I would single out three major aspects in the concept of the life-world. First of all, the life-world is understood through opposition to the scientific world. Secondly, the life-world is understood as the everyday world of direct experience. Thirdly, the life-world is analysed as a priori of historical and cultural differences of life-worlds. The name of the life-world indicates that here the world is discovered from the perspective of life experience. If the world is examined without rejecting the practice of life for the sake of scientific objectivity, then, when turning towards valuable and pragmatic ways of experiencing the world, it appears that the world is not just the scope of natural extended bodies, but the scope of references and meanings. When describing how the life-world is given from the first-person perspective, it appears that the world is experienced as the significant surrounding world whose centre is me with my body. It is this aspect by which the living world is personally oriented towards the world of culture and history. The concept of the life-world is crucial to show how consciousness is embedded in a world of cultural activities and meanings. Is the living world as a cultural world universal or is it particular?

 

The purpose of the paper is to reveal the concept of the life-world by reflecting on the tension between universality and particularity. I argue that a phenomenological analysis of the life-world reveals the duality of the life-world. There are many living worlds, but they all share a universal a priori.
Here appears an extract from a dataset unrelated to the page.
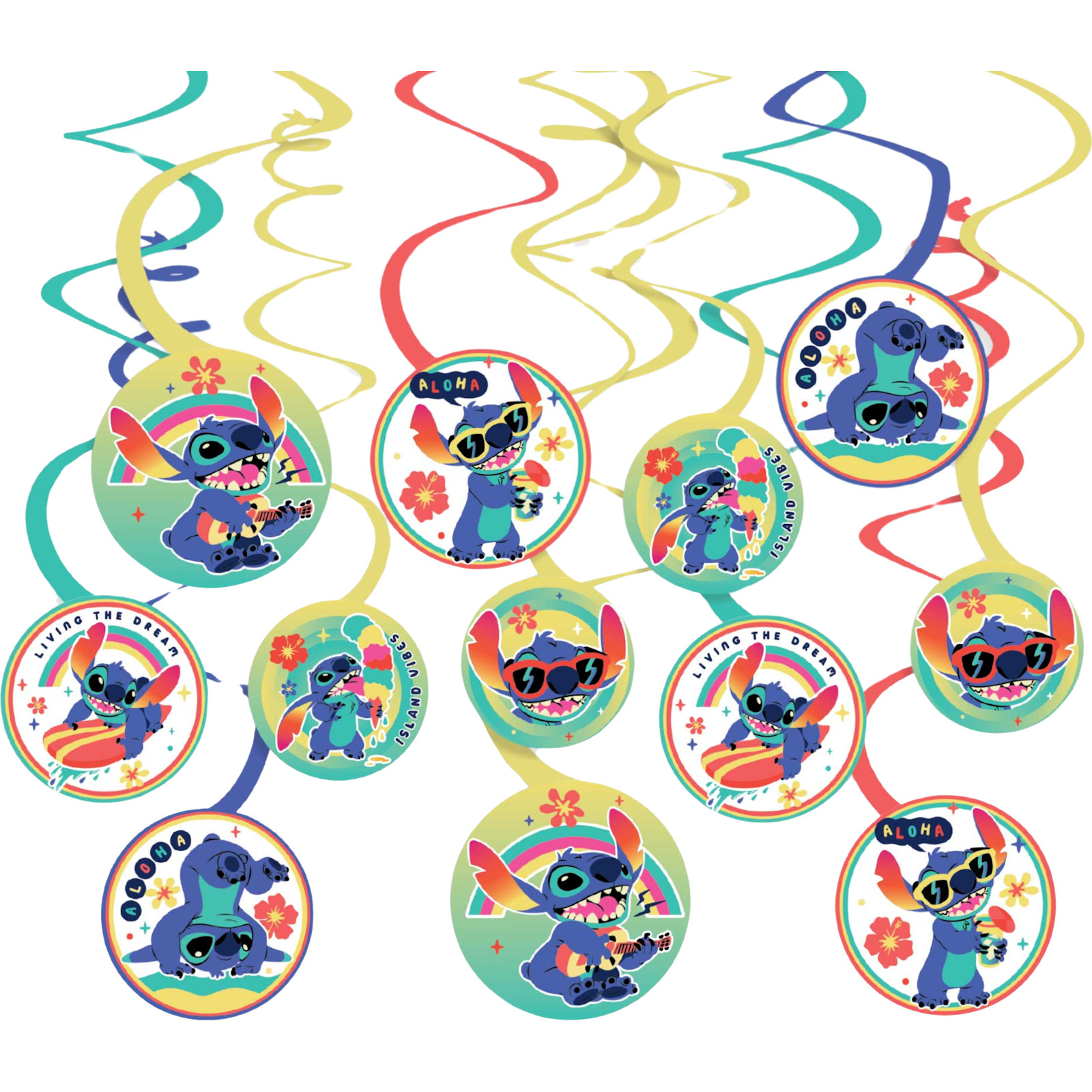 Lilo & Stitch Swirl Decorations (Pack of 12)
Even more, the tension between universality and particularity in life-worlds manifests itself as a tendency toward universality. Husserl and Patočka examine this universalisation of the lived world through the idea of Europe. Patočka, like Husserl, formulates an ambiguous idea of Europe. On one hand, Europe is understood as a universal civilisation, which is based on knowledge of the world common to all, on the other hand, Europe is understood as a particular culture. This ambiguity arises because the idea of a universal civilisation as a philosophical culture, as a new type of community, emerges particularly in European culture. On the other hand, a community open to all rational subjects and the historical dynamics of civilisational unification appear together with the process of Europeanisation. However, in order to understand how a common world is possible for all, why the universality of the life-world is the common basis of different ethnic cultures, it is necessary to separate the concepts of Europe as an ethnic geographical identity and as universal or supra-civilisation. Husserl and Patočka understand Europeanisation not as the spread of European ethnic traditions and customs, but as the adoption of elements of universal civilisation, as the discovery of common and repeatable insight.